Trainwreck is not a documentary, but still—is this a real thing? It’s only natural to wonder about a partner’s sexual history and how it might stack up to yours.
We’ve written before about whether or not you should tell your partners your “number”—I vote no, unless you want to, of course—but what’s interesting about Maxon’s piece is that he’s sure that most (straight) men don’t care about this anyway. And he turns out to be right, at least from his highly informal poll results. The men he asks care far more about everything but the number and were refreshingly not gross about it:
“If there’s a number like a hundred, I would want to be like, Well, you better go get tested for STDs,” the 26-year-old said. But later he said that if he really liked someone, he ultimately wouldn’t care. The 36-year-old said, “There are guys in these movies who say, ‘I thought she was a sweet girl, but then she’d been with 100 guys!’ That doesn’t mean she’s not a sweet girl.”
Another 32-year-old, who is engaged to his partner of three years, likewise isn’t fazed by 100. “If you’ve had 100 perfectly healthy and safe one-night stands, then go nuts,” he said. What number would be too high? “I don’t know if that number exists. I mean, I’m sure that it does. I just don’t know what it is.”
But that doesn’t mean nothing bothered them, and what did was finding out other aspects of those past relationships: details, locations where they’d slept together. Enough material to either compare themselves with the aid of their partner and come up short, or to simply compare themselves silently, and also come up short.
Maxon argues that focusing on the past is a bad idea, and the healthier choice would be to focus on the pleasure and health of the relationship you’re currently in. Cool idea—let’s all do that. But whomever among us has not seethed upon seeing a particularly happy picture of your boyfriend with his old girlfriend, hearing a story of how much so-and-so was so much fun to roadtrip with, or being reminded of how she was always down to do new stuff even if she wasn’t that into it just as you’ve refused, yet again, to go bowling—well, please, cast the first ex.

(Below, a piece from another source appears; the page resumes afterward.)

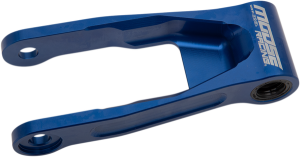 MOOSE RACING Lowering Pull Rod Blue, Anodized, 1, nordicamoto.ro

Worth mentioning: Back in the old days, if you wanted to find out about an ex, you’d have to rely on word of mouth, your partner’s accounting of things (dubious), or whatever artifacts might still be around that you could get your hands on (never snoop!). Now all you need is a name and you can probably still find their old couples blog, the one where they share fun recipes and talk about how much they love each other.
Regardless of the location, old lovers resurface like zombies of the heart all the time, on social media, at your local bar, or just in your very cool brain, for the express purpose of taunting you. The “right” way to be is to accept that someone has a past, that it has nothing to do with you, and what’s past is past. Or, if you are the sort of person who likes knowing about your partner’s exes, an open mind. The trouble is, there cannot be a person alive who has never felt the mild burn of jealousy about your partner’s past.

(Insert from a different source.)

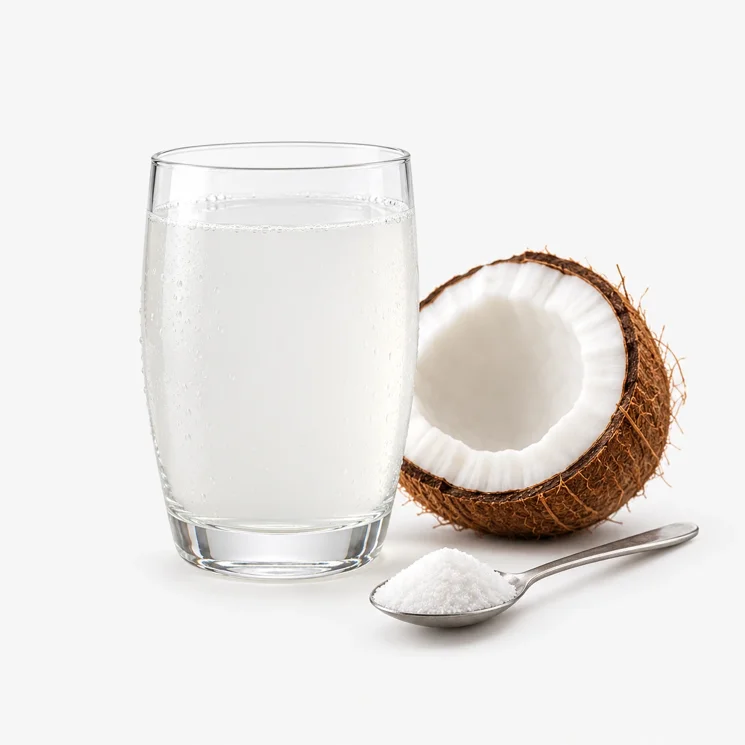 Bio kókuszvíz por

Sometimes you think you don’t care, only to realize you really fucking do care. Sometimes you think you’ll be super jealous only to discover you aren’t threatened at all. I have had entirely different images of certain exes built up in my head only to find out that the person in question not only seems like a nice person, but that we could actually be friends if circumstances permitted it.

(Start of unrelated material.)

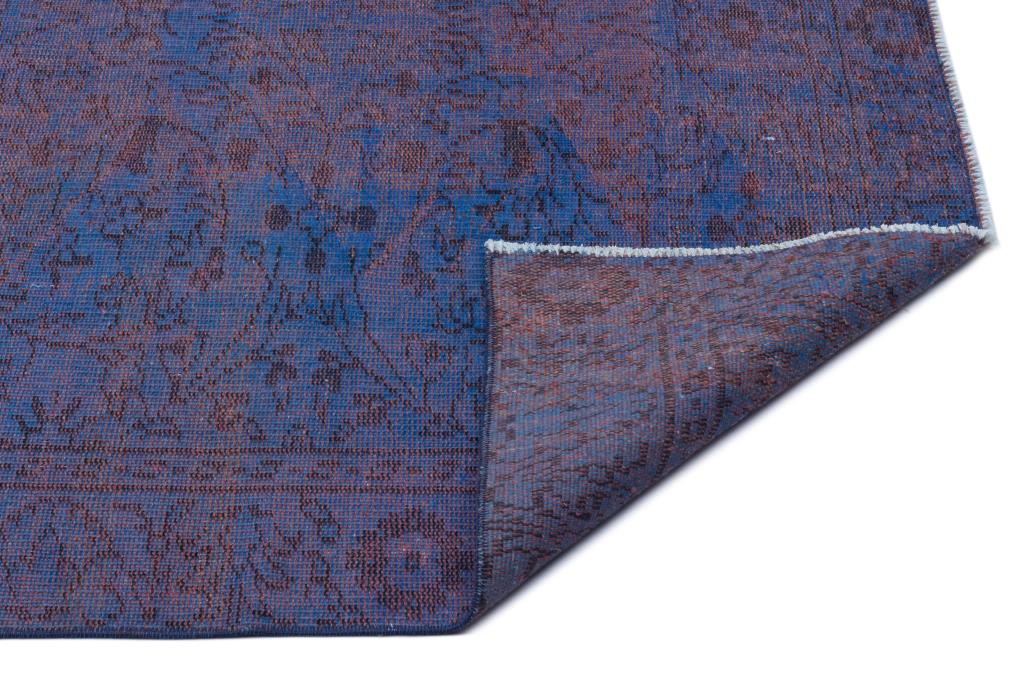Apex Vintage Halı Mavi 23930 164 x 268 cm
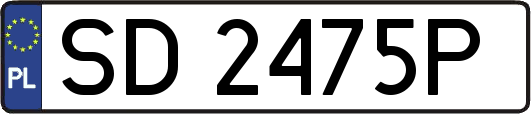 SD2475P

There is part of me, also, that feels that she can never know too much about anything, because knowing someone means accepting their entire life before you, including who they loved before you, how they were loved, what that person brought out in them for better or for worse, what that person encouraged in them or exposed them to. There’s another part of me that thinks that first part of me is really fucking stupid.
Discomfort with this knowledge, in the end, always comes down to insecurity. You become convinced, irrationally or otherwise, that the ex was/is better than you in every way, such as:
- More fun
- Good at whatever you are bad at
- Fun in whatever situations you suck at
- Gave better blowjobs
- Dated your partner for so long you can never ever trump it unless you get married or something and that’s too much pressure
- Better taste
- Great cook
- Fun at parties
- Makes a signature cocktail
- Still needs your ex in some way, and what’s worse, your ex obliges
- Were around for major milestones in your ex’s life that you can never replace
- More photogenic
- Never wore makeup
- Always remembered to do that thing you always forget to do
- Hair looked good after riding in convertibles/ferries
And the most important thing of all: They exist, and they still do.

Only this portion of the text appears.